Simon Praetorius requested to merge feature/dune-cmake-policies into master

Summary

Get and set dune policies to control changes in behavior of the dune build system. A policy is by default set to OLD if not set otherwise, except if the policy's activation version is reached. Each policy can specify when it is set automatically to NEW. The default behavior can be influenced by the global cmake variable DUNE_POLICY_DEFAULT.

Introducing a policy

In order to define/introduce a policy (a module property to identify whether an old or new build system behavior should be activated), one has to introduce an identifier in e.g. the Dune<Module>Macros.cmake file, i.e., in a file that is exported to downstream modules so that they can set the policy value later:

dune_define_policy(<policy> <module> <version> "Documentation of the changed behavior")
  • The first argument is an ID. It typically starts with "DP" for "Dune-Policy" and then comes a 4 digit number, e.g. "DP0042". This follows the pattern used in cmake. This identifier format is not checked, though. Thus a downstream module can introduce other names for their policies.
  • The second argument is the dune module, e.g., DUNE_COMMON, that the change in behavior is implemented in and also the version should be checked for. If the <version> given in the third argument is reached in that dune module, the policy is set to "NEW" by default.
  • The last argument is a documentation string that is shown whenever the user is requested to set explicitly the policy value, e.g., if the module version is not reached.

Getting and setting a policy value

The policy's value change be changed. By default it is OLD (except of the global variable DUNE_POLICY_DEFAULT is set to something else). The value of a policy can be asked for by

dune_policy(GET <policy> <var>)

the result is stored in the variable <var>.

If a module author want to change the default policy value, she can set the value by

dune_policy(SET <policy> <value>)

This change should be module-local (not in the Dune<Module>Macros.cmake file) so that downstream modules can make their own change

Example

The motivation to introduce a policy system into dune came from a change in the dune_add_test macro. We want to change the behavior that add_dune_all_flags is called on all test targets by default. The new behavior would be not to do this. Thus, we introduce a first policy:

dune_define_policy(DP0001 DUNE_COMMON 2.11 
  "Do not call add_dune_all_flags for a target created with dune_add_test.")

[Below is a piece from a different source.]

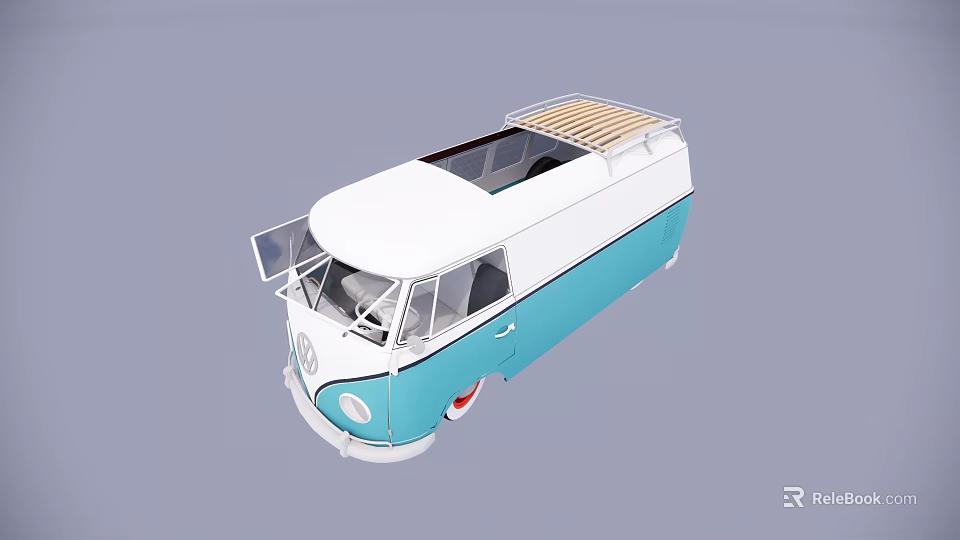 Vintage Volkswagen Van With Blue White Color Wooden Roof Rack And Open Doors 3d model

And inside the dune_add_test macro, we implement the change conditionally:

if(ADDTEST_SOURCES)
  add_executable(${ADDTEST_NAME} ${ADDTEST_SOURCES})
  # add all flags to the target!
  dune_policy(GET DP0001 _add_all_flags)
  if(_add_all_flags STREQUAL "OLD")
    add_dune_all_flags(${ADDTEST_NAME})
  endif()
endif()

Documentation

Whenever a new policy is introduced in the dune-common module, a corresponding entry should be added to doc/buildsystem/dune-common.rst. A similar documentation is suggested for all modules that introduce their own policies.